Connect, cooperate and grow: Murray Bridge businesswomen chart a path to success

Justine Searby, of Grazingfordayz, and Tracey Finocchio, of Riverside Woodfired Pizza, reckon they’re on to something.

Connect, cooperate and grow: Murray Bridge businesswomen chart a path to success

This sponsored post is brought to you by Grazingfordayz and Riverside Woodfired Pizza.

Justine Searby and Tracey Finocchio have become good mates, and each is helping the other’s business succeed. Photo: Peri Strathearn.

Tracey Finocchio and Justine Searby’s businesses are great examples of how innovative thinking – and a personal touch – are getting results in the Murraylands.

In Justine’s case, that has meant growing her partner Craig’s trophy store into a lolly shop; then a catering service, Grazingfordayz; and now a shop-front which supports dozens of other micro-businesses.

On the shelves of her shop at 30 Bridge Street you’ll find everything from jams to jewellery, supplied by about 60 producers around the Murraylands, Adelaide Hills and beyond.

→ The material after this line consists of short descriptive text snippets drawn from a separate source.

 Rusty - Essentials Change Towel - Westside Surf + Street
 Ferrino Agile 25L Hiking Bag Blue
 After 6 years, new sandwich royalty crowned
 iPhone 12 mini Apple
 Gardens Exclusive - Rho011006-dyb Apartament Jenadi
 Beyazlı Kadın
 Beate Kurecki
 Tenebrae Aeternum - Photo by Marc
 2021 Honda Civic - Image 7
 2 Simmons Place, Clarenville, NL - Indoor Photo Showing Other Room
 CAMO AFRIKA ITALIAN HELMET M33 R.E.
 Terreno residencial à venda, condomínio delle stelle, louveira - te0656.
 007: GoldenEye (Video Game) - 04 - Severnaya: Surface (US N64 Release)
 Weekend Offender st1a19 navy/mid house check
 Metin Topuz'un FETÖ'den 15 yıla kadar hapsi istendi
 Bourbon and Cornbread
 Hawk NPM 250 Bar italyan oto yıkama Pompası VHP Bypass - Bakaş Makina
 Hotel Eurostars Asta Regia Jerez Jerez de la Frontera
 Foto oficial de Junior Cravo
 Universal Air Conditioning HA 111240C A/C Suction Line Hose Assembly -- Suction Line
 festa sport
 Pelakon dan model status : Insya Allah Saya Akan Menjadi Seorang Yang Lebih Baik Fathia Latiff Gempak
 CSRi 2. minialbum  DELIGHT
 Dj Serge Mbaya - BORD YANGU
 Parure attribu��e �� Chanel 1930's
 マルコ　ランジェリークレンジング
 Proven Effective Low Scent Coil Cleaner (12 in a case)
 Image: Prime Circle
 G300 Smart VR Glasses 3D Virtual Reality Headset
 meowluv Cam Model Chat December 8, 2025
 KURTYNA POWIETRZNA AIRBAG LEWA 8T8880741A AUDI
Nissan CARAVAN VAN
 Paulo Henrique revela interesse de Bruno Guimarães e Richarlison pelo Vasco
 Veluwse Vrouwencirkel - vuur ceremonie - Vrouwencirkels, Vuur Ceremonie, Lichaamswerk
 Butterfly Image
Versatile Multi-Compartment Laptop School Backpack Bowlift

Most of those suppliers are women – “mums busting a gut”, as Justine puts it.

Tracey, meanwhile, is new to the region but already kicking goals, with a little help from a MAS National self-employment assistance program.

Her mobile catering service, Riverside Woodfired Pizza, fed hundreds of locals at a launch party at the Round House last month.

She and her husband Darren had been working at a similar business in Adelaide before a fateful weekend getaway on the River Murray.

“The next minute we’ve bought a speedboat, bought a house and moved to Murray Bridge,” Tracey says.

“I love this town.

“The best thing I’ve ever done is move up here.”

The two women connected with each other last year, when Tracey saw one of Justine’s platters on an episode of TV show Hello SA.

Hello SA hosts Hayley Pearson and Lauren De Cesare sample a Grazingfordayz spread during a film shoot on the River Murray. Photo: Adelady/Facebook.

Since then, each has been happy to help the other succeed, even though both run similar businesses.

“We want to support as many people as we can and support Murray Bridge,” Justine says.

“If you spend your money here, it’s going to stay here.

“We want to bring tourists in; we want more places like this so that if people want to jump off a boat and stop (to shop), they can.

“I want my kids to be able to work here, to be able to stay here … (and) grow up in this environment.”

Small business owners benefit when they are willing to put their heads together, Tracey agrees.

“I think it’s really important that women work together and have a genuine connection,” she says.

“I want to see local businesses survive and thrive.”